Within science, peer review serves two different purposes. First, it functions as a gatekeeping mechanism for deciding which projects deserve to be carried out or disseminated – an aim of peer review is to make sure that good work is being funded or published and undeserving projects are rejected. Second, peer review is often taken to embody the critical mechanism that is central to the scientific method. By pointing out defects and weaknesses in manuscripts or proposals, and by suggesting new ways of approaching the phenomena of interest, peer reviewers are expected to help authors improve the quality of their work. At least in an ideal case, authors know why their manuscripts were rejected or accepted after receiving peer review reports and can take the feedback into consideration in their future work.

In this sense, peer review represents an intersubjective mechanism that guards against the biases and blind spots that individual researchers may have. Criticism of evidence, methods and reasoning is essential to science, and necessary for arriving at trustworthy results.[1] Such critical interaction thus ensures that a wide variety of perspectives in represented in science, which is both epistemically and socially valuable. If prediction markets were to replace peer review, could they serve this second, critical, function? It seems that the answer is No. Prediction markets do not provide reasons in the way that peer review does, and if the only information that is available are probabilistic predictions, something essential to science is lost.

To illustrate this point in a more intuitive way: imagine that instead of writing this comment in which we review Thicke’s paper, there is a prediction market on which we, Thicke and other authors would invest in bets regarding the likelihood of science prediction markets being an adequate replacement of the traditional method of peer review. From the resulting price signal we would infer whether predictions markets are indeed an adequate replacement or not. Would that allow for the same kind of interaction in which we now engage with Thicke and others by writing this comment? At least intuitively, it seems to us that the answer is No.
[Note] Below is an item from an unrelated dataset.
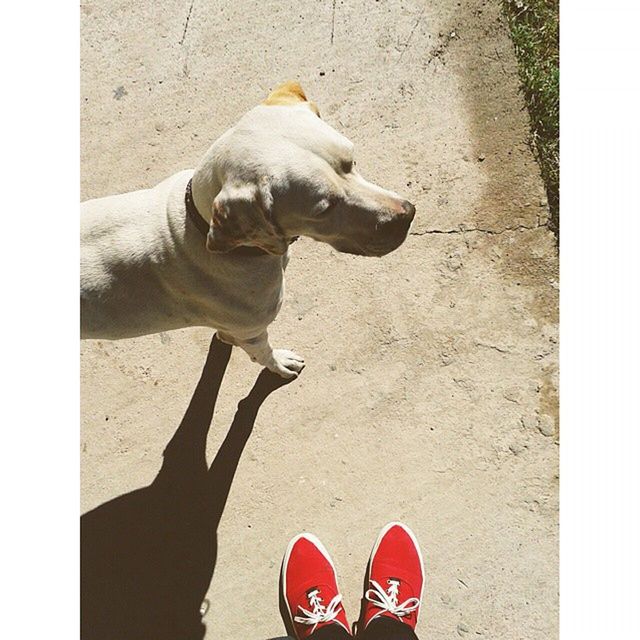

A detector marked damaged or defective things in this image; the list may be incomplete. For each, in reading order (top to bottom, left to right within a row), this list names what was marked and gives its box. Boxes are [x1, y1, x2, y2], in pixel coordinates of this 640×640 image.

Deliberation About Science in Politics

Such a lack of reasons that justify why certain views have been accepted or rejected is not only a problem for researchers who strive towards getting their work published, but could also be detrimental to public trust in science. When scientists give answers to questions that are politically or socially sensitive, or when controversial science-based recommendations are given, it is important to explain the underlying reasons to ensure that those affected can – at least try to – understand them.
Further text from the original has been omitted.